**How to complete this task**. Copy exactly, and only, the lines from the one containing "Midland Crewneck Sweater" through the last line of the records below.

**Study material**.
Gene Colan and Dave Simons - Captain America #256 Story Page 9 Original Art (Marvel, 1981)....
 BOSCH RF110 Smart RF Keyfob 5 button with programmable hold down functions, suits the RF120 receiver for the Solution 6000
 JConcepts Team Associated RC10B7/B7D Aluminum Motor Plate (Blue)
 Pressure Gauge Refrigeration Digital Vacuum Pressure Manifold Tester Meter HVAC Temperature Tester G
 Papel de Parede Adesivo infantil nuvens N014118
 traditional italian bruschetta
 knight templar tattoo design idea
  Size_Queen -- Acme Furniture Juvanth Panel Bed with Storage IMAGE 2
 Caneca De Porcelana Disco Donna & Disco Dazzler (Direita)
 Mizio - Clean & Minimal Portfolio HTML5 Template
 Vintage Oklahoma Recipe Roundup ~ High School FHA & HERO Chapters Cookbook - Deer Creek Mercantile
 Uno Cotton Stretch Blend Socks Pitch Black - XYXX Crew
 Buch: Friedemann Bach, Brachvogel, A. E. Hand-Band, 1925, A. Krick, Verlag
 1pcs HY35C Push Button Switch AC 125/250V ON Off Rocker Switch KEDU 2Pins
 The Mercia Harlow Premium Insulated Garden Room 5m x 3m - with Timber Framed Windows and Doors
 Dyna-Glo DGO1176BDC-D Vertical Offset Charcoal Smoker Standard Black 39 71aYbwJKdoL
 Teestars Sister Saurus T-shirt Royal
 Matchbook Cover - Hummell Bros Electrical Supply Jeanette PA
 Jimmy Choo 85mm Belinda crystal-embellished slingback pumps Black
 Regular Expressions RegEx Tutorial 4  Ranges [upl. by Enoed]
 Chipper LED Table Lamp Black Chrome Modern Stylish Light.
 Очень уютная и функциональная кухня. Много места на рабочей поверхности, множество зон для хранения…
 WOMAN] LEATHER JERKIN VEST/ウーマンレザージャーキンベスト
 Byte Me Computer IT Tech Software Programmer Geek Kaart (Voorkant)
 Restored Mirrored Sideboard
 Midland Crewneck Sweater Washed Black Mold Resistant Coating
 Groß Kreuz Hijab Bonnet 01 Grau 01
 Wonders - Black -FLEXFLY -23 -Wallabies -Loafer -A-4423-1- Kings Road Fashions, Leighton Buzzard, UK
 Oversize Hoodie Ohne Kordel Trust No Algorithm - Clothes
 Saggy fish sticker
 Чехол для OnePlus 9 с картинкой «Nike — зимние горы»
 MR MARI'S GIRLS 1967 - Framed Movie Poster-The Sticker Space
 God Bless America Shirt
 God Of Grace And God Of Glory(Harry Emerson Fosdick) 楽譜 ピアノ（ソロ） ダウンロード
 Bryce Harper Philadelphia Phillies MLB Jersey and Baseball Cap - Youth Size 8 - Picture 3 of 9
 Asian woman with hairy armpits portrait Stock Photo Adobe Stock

**Solution below**.
 Midland Crewneck Sweater Washed Black Mold Resistant Coating
 Groß Kreuz Hijab Bonnet 01 Grau 01
 Wonders - Black -FLEXFLY -23 -Wallabies -Loafer -A-4423-1- Kings Road Fashions, Leighton Buzzard, UK
 Oversize Hoodie Ohne Kordel Trust No Algorithm - Clothes
 Saggy fish sticker
 Чехол для OnePlus 9 с картинкой «Nike — зимние горы»
 MR MARI'S GIRLS 1967 - Framed Movie Poster-The Sticker Space
 God Bless America Shirt
 God Of Grace And God Of Glory(Harry Emerson Fosdick) 楽譜 ピアノ（ソロ） ダウンロード
 Bryce Harper Philadelphia Phillies MLB Jersey and Baseball Cap - Youth Size 8 - Picture 3 of 9
 Asian woman with hairy armpits portrait Stock Photo Adobe Stock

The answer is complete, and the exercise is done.